What is needed:
Only the images are to be dropped; the records themselves must be repeated exactly.

Data section:
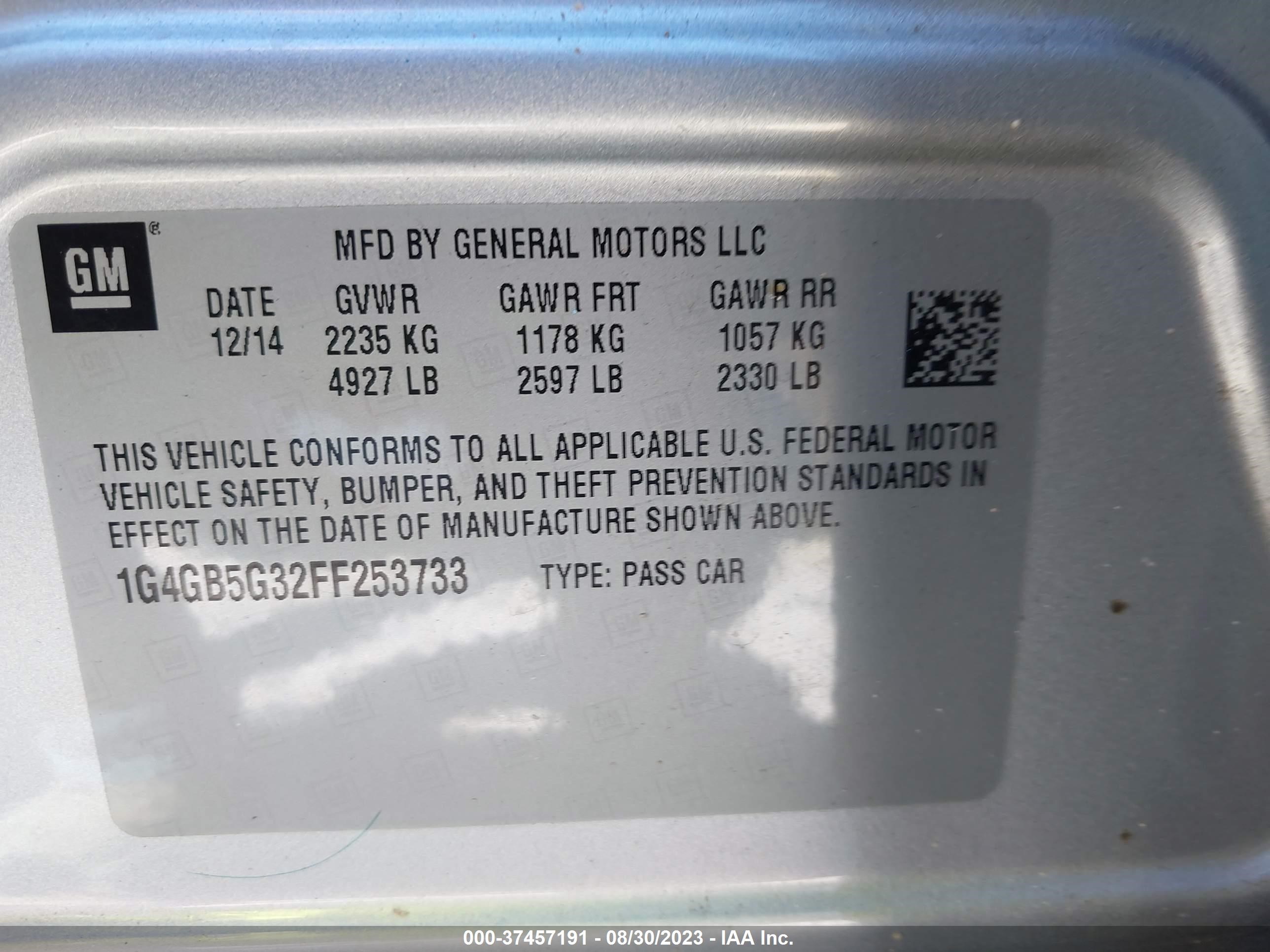 Photo 8 VIN: 1G4GB5G32FF253733 - BUICK LACROSSE 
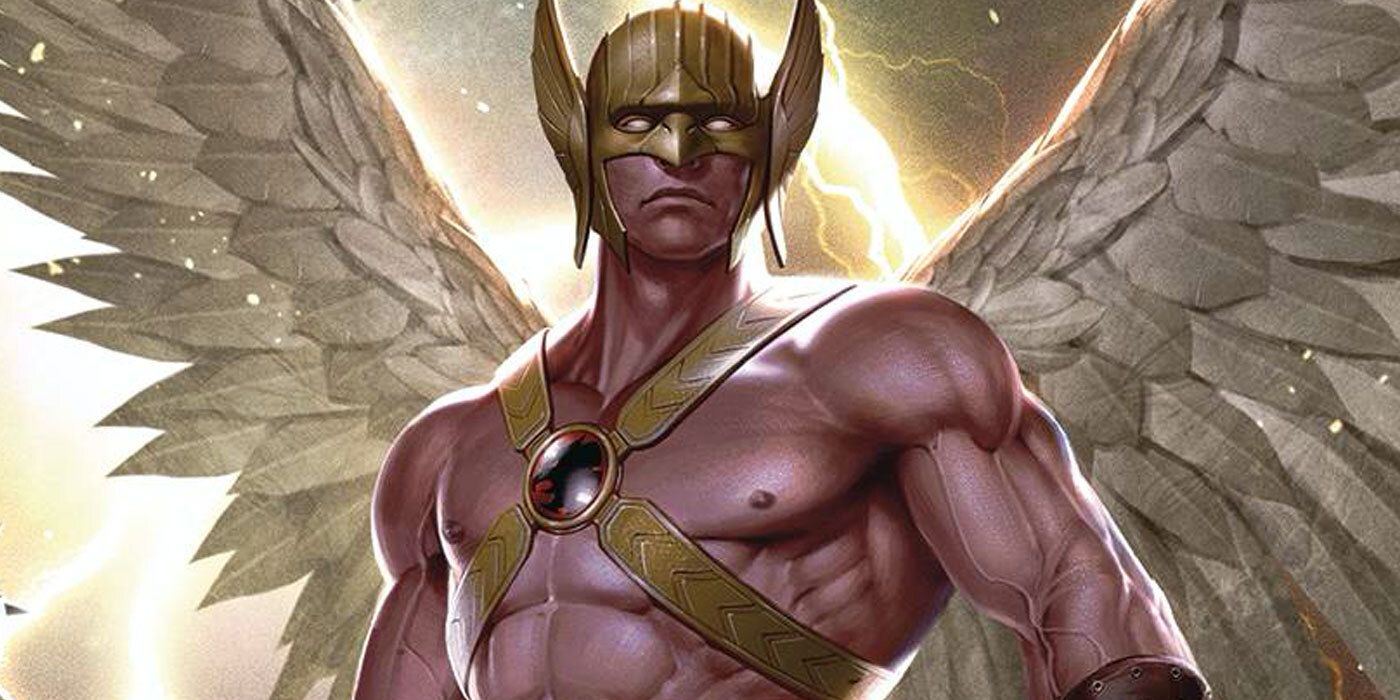 Hawkman from DC Comics in front of a crackling sky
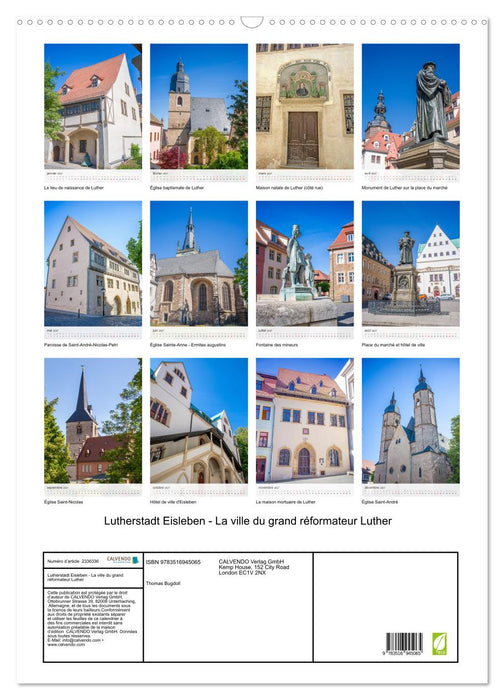 Lutherstadt Eisleben - La ville du grand réformateur Luther (CALVENDO Calendrier mensuel 2027)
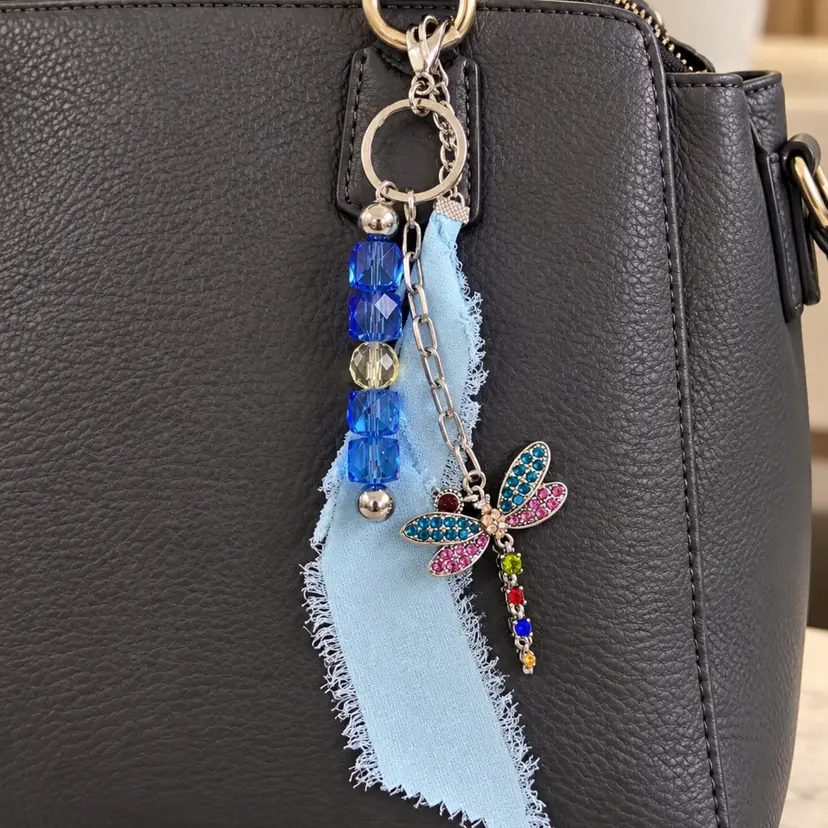 Dragonfly Bag Charm, Blue Crystal Purse Charm, Fabric Tassel Keychain, Colorful Rhinestone Handbag Accessory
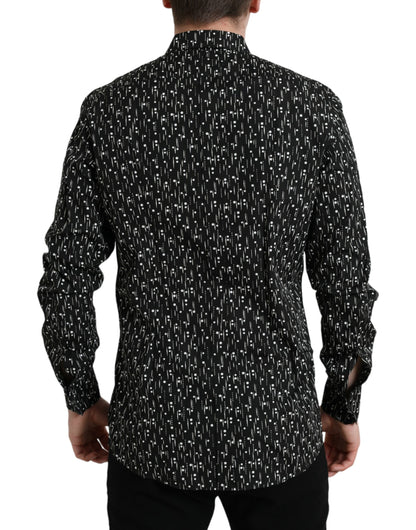 Camisa formal Dolce &amp; Gabbana con estampado floral negro para hombre, color dorado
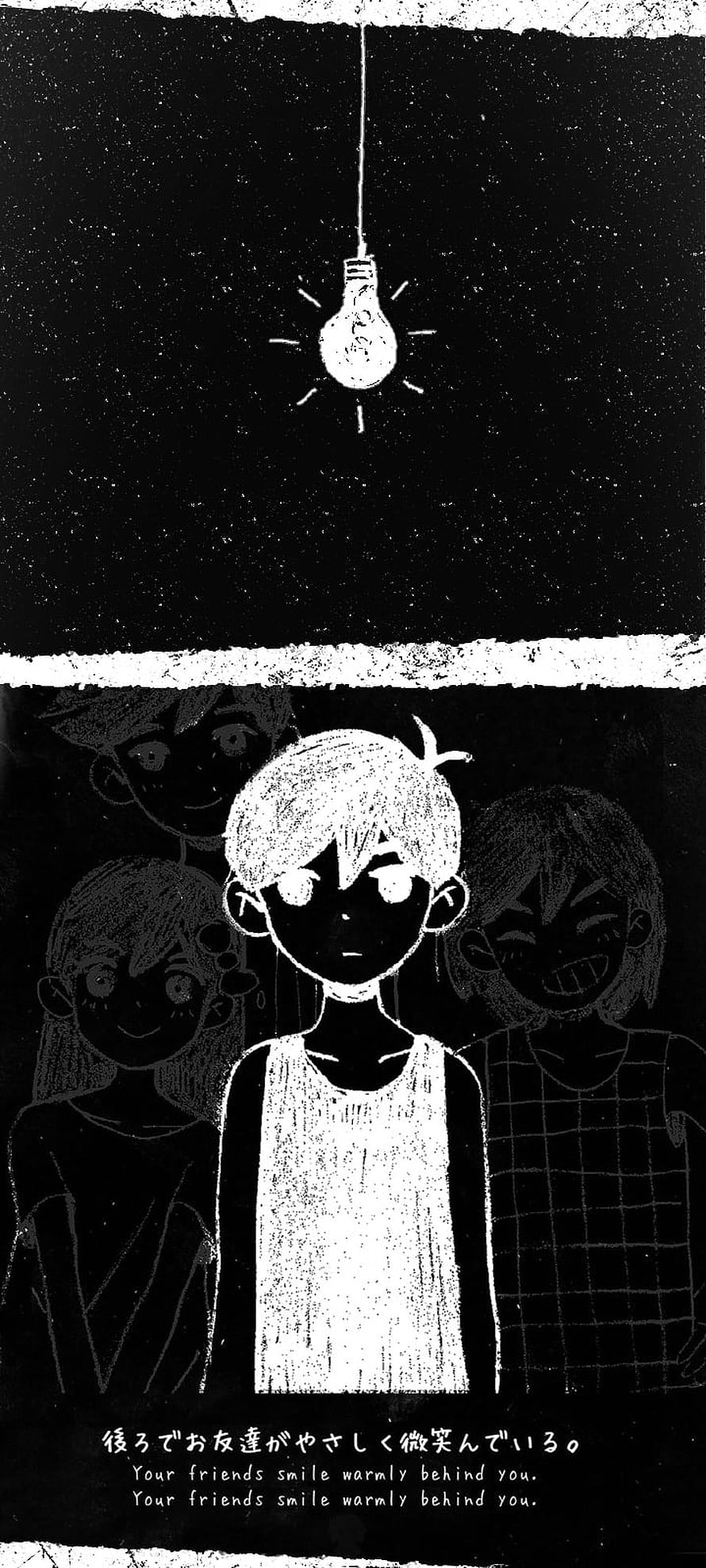 Omori Game Artwork: Boy Under Lightbulb with Friends Smiling Behind in Dark Sketch Style HD phone wallpaper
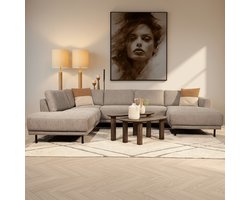 Dimehouse Moderne U-Bank Hoekbank Taupe Stof - Links - 310x197x142 cm - Aniko - Stof - Modern - 310 x 197 x 93 cm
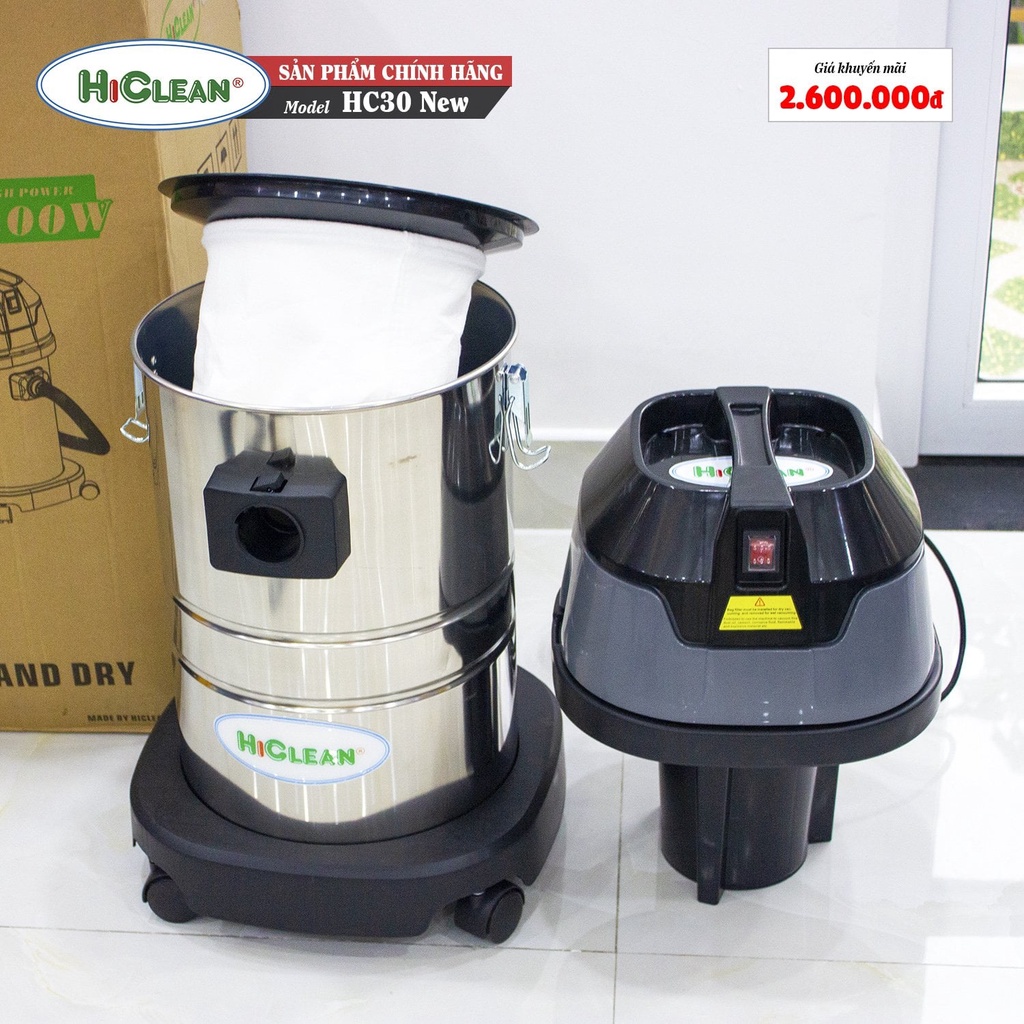 Máy hút bụi công nghiệp Hiclean HC30 - 30 lít - Hút khô và ướt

Response:
 Photo 8 VIN: 1G4GB5G32FF253733 - BUICK LACROSSE 
 Hawkman from DC Comics in front of a crackling sky
 Lutherstadt Eisleben - La ville du grand réformateur Luther (CALVENDO Calendrier mensuel 2027)
 Dragonfly Bag Charm, Blue Crystal Purse Charm, Fabric Tassel Keychain, Colorful Rhinestone Handbag Accessory
 Camisa formal Dolce &amp; Gabbana con estampado floral negro para hombre, color dorado
 Omori Game Artwork: Boy Under Lightbulb with Friends Smiling Behind in Dark Sketch Style HD phone wallpaper
 Dimehouse Moderne U-Bank Hoekbank Taupe Stof - Links - 310x197x142 cm - Aniko - Stof - Modern - 310 x 197 x 93 cm
 Máy hút bụi công nghiệp Hiclean HC30 - 30 lít - Hút khô và ướt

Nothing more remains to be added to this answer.